### Problem description
Pictures are to be left out, and only the lines from the one containing "Pinnacle Rock, Bartolome" through the last line of the data are to be returned exactly.

### Input records

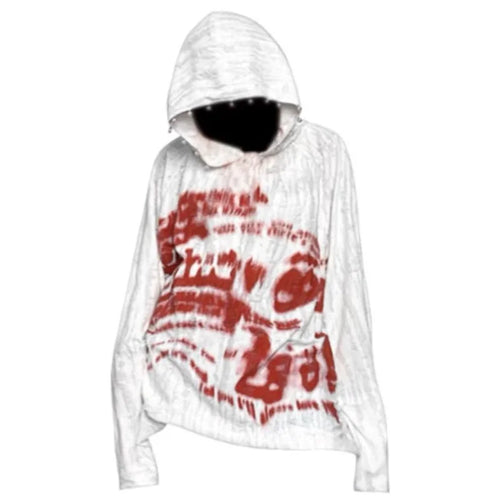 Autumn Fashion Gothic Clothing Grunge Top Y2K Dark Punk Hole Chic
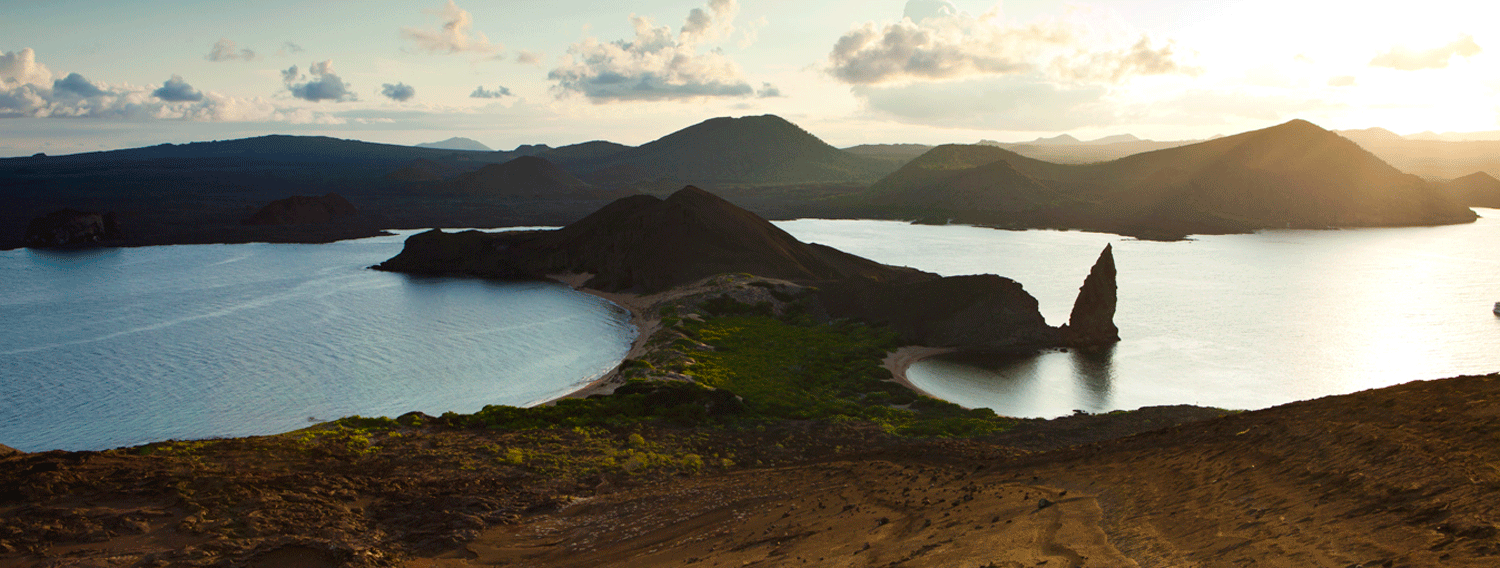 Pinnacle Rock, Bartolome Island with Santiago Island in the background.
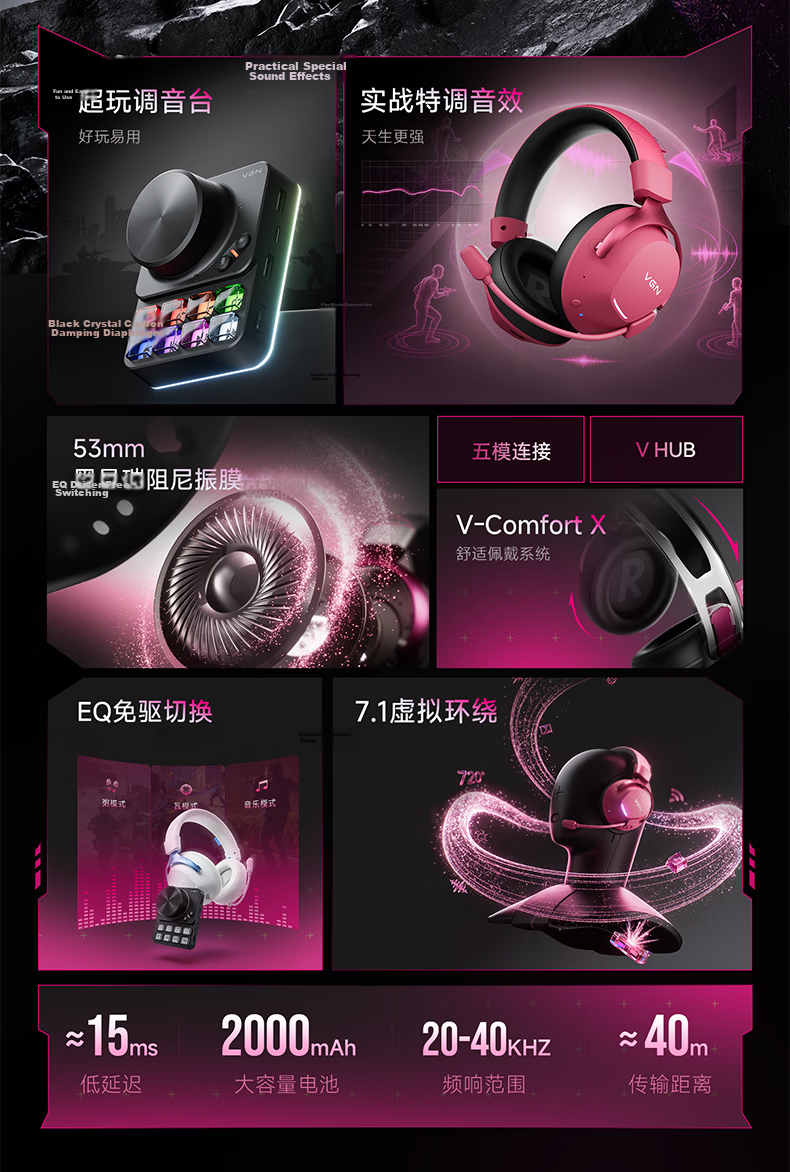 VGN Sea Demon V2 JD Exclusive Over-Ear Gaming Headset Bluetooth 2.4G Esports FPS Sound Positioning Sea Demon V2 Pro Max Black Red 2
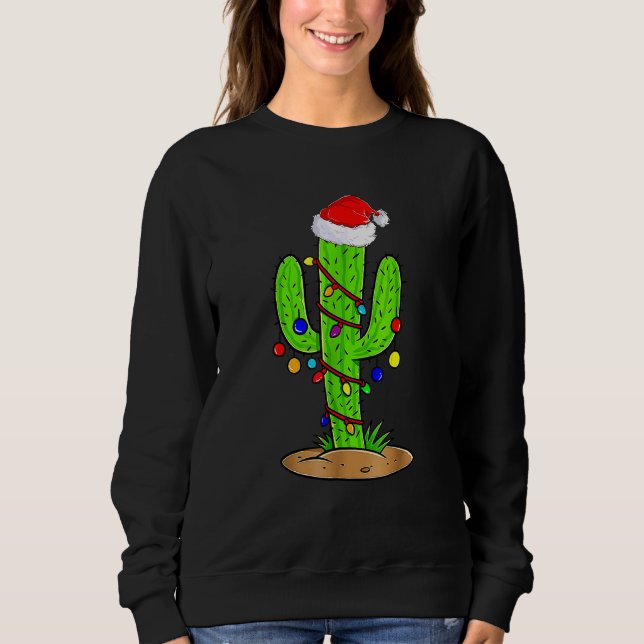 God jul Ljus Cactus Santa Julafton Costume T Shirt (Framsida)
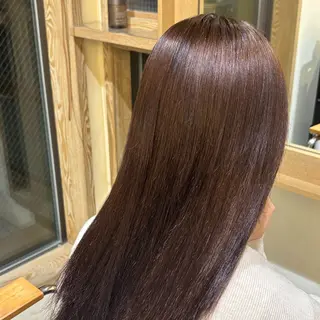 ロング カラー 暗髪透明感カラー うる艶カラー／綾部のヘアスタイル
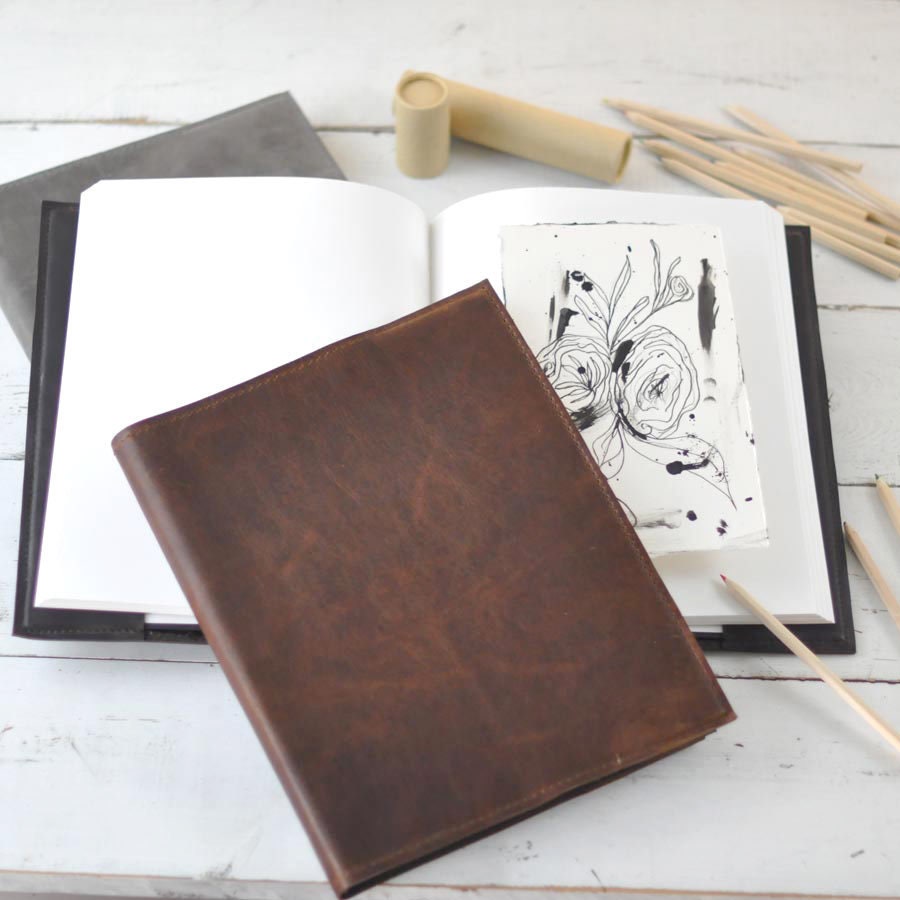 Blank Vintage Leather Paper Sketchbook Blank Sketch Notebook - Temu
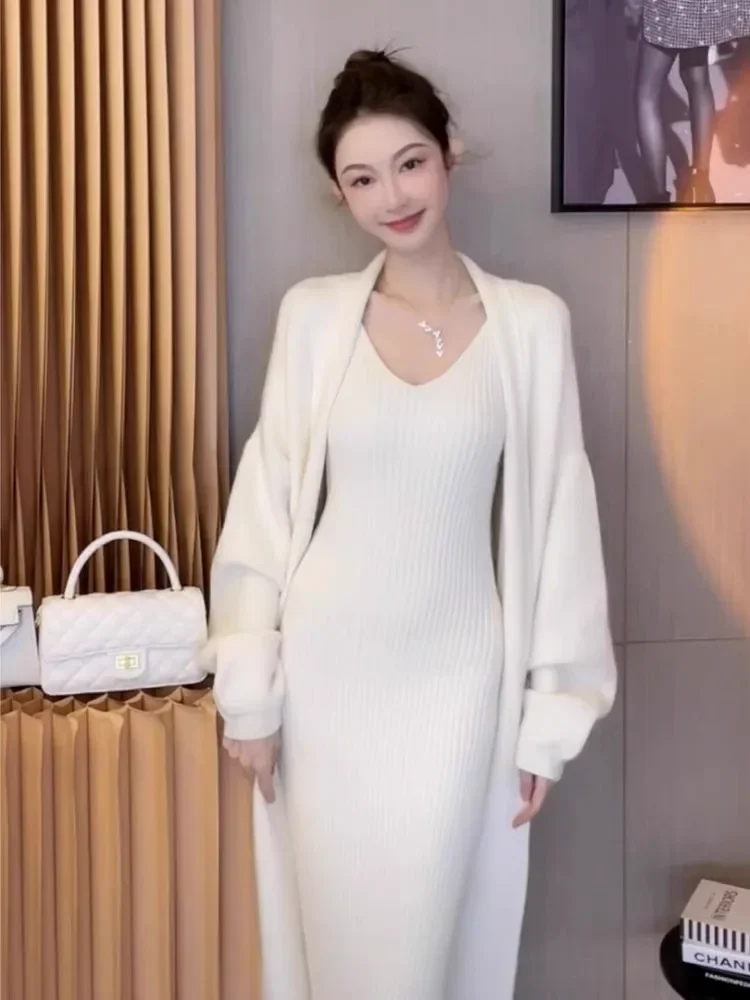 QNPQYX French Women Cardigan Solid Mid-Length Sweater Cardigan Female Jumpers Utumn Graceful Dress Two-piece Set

### Output for this task
 Pinnacle Rock, Bartolome Island with Santiago Island in the background.
 VGN Sea Demon V2 JD Exclusive Over-Ear Gaming Headset Bluetooth 2.4G Esports FPS Sound Positioning Sea Demon V2 Pro Max Black Red 2
 God jul Ljus Cactus Santa Julafton Costume T Shirt (Framsida)
 ロング カラー 暗髪透明感カラー うる艶カラー／綾部のヘアスタイル
 Blank Vintage Leather Paper Sketchbook Blank Sketch Notebook - Temu
 QNPQYX French Women Cardigan Solid Mid-Length Sweater Cardigan Female Jumpers Utumn Graceful Dress Two-piece Set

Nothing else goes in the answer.